• _Exercise objective_: Every entry that follows must be written out exactly, apart from its pictures.

• _Entries supplied_:
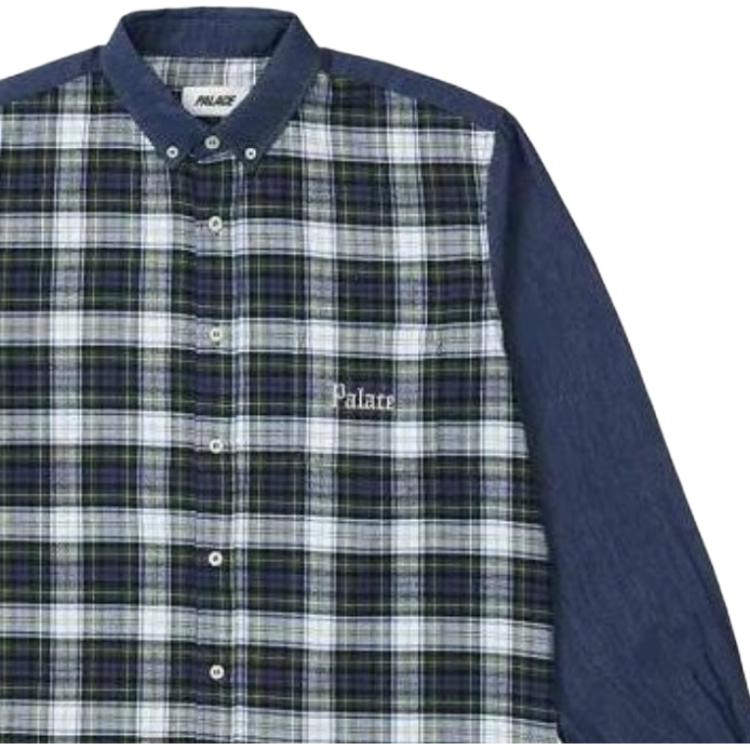 Palace Spring 2023 Plaid Turn-Down Collar Long Sleeve Shirt Unisex Tops Navy-Blue PLC23005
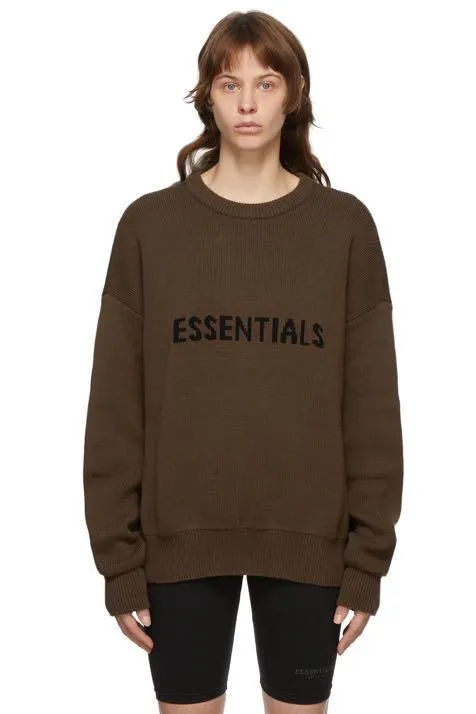 Essentials Brown Knitted Crewneck - Image 3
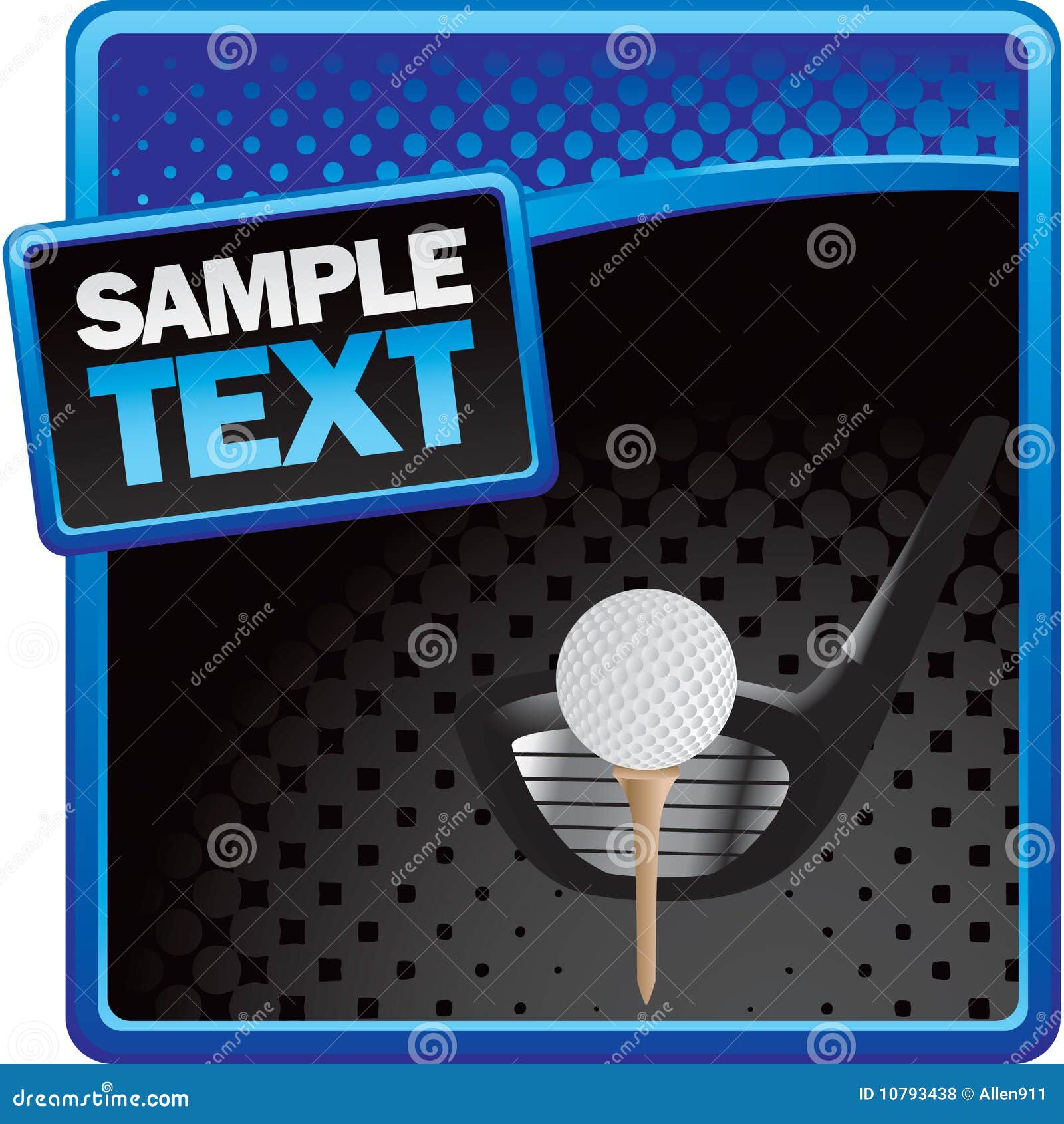 Golf Ball on Tee with Club on Halftone Banner Stock Vector Illustration of advertisement, game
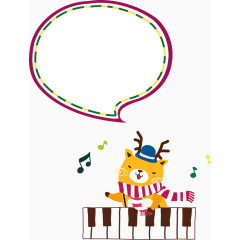 弹钢琴的矢量小兔子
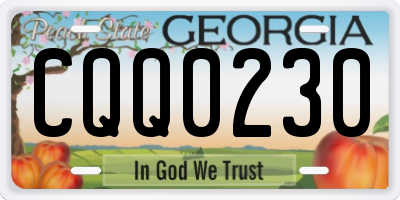 GA license plate CQQ0230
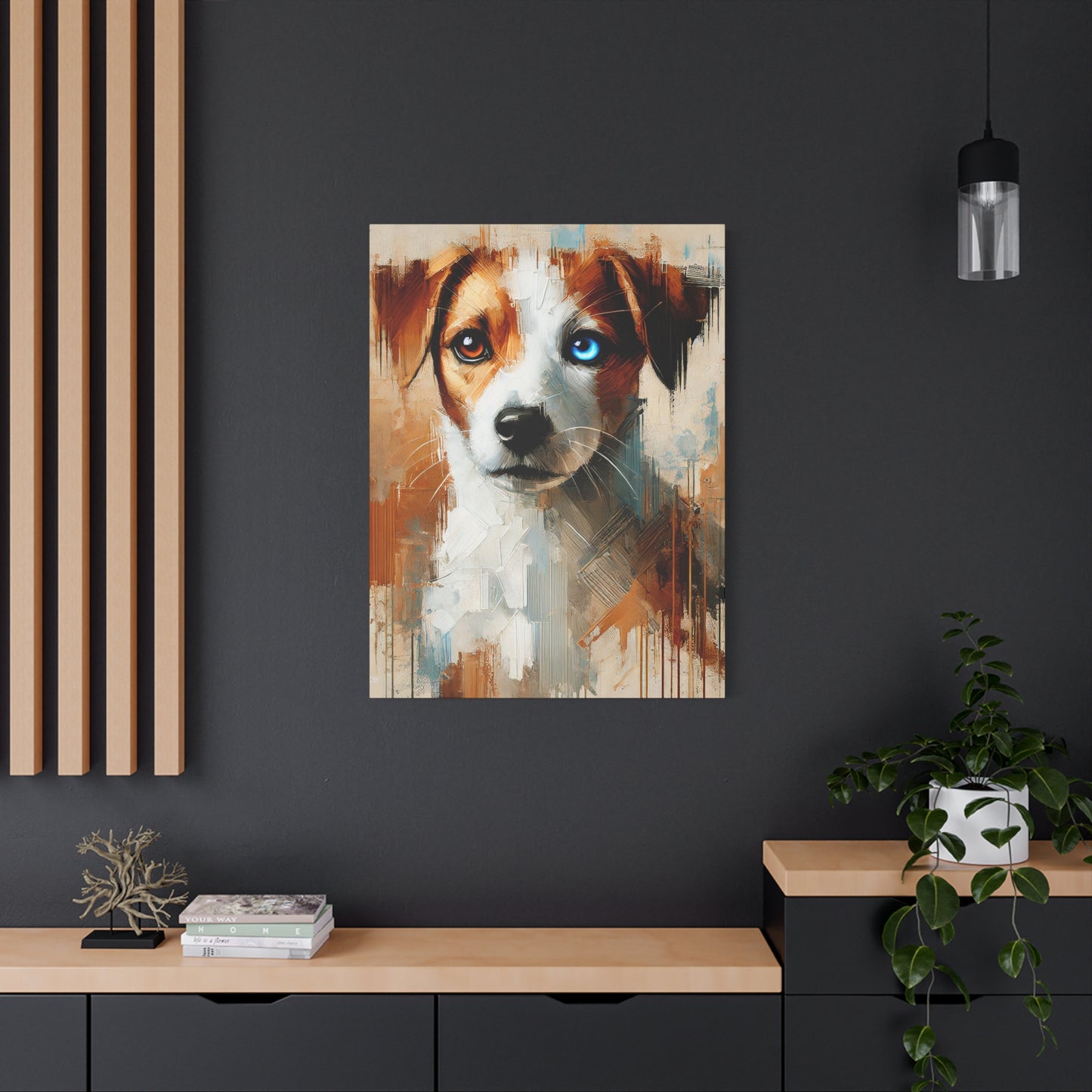 Jack Russell Terrier Mix Oil Canvas Painting Print – Ideal for Dog Lovers and Art Collector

• _Exercise result_:
 Palace Spring 2023 Plaid Turn-Down Collar Long Sleeve Shirt Unisex Tops Navy-Blue PLC23005
 Essentials Brown Knitted Crewneck - Image 3
 Golf Ball on Tee with Club on Halftone Banner Stock Vector Illustration of advertisement, game
 弹钢琴的矢量小兔子
 GA license plate CQQ0230
 Jack Russell Terrier Mix Oil Canvas Painting Print – Ideal for Dog Lovers and Art Collector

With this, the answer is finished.